P-value is the probability under the null hypothesis of obtaining evidence as extreme or more extreme than would be observed by chance alone.

Consider an example:

H0
ratio of strokes among men and women is the same
HA
ratio of strokes among men and women is different

α = 0.05

We will use prop.test function for this:

# cholesterol <- health %>% select(gender, mortality) %>% 
#   mutate(b = as.integer(levels(health$mortality))[health$mortality]) %>% 
#   group_by(gender) %>% 
#   summarise(n = n(), #total number of observations
#             x = sum(b))
# 
# cholesterol
# result <- prop.test(x = c(cholesterol$x[1], cholesterol$x[2]),
#                     n = c(cholesterol$n[1], cholesterol$n[2]),
#                     alternative = "two.sided")
# result
# 
# print(paste0("Calculated p-value is: ", round(result$p.value, 3)))
# print(paste0("Significance level alpha is: 0.05"))
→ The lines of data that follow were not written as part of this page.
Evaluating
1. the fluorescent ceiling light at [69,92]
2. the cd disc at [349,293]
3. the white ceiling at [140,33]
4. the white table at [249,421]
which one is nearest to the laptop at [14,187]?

We see that p.value<α so we reject the null hypothesis - there are not enough evidence to believe that ratio of strokes among men and women is the same.

#Statistical Power¶ Power is the probability of rejecting the null hypothesis whe it is false. The more power, the better!

Power=1−β In a power calculation, one fixes the sample size and other aspects of the study and calculates an estimate of the power. In a sample size calculation, one fixes the power then determines the minimum sample size to acheive it.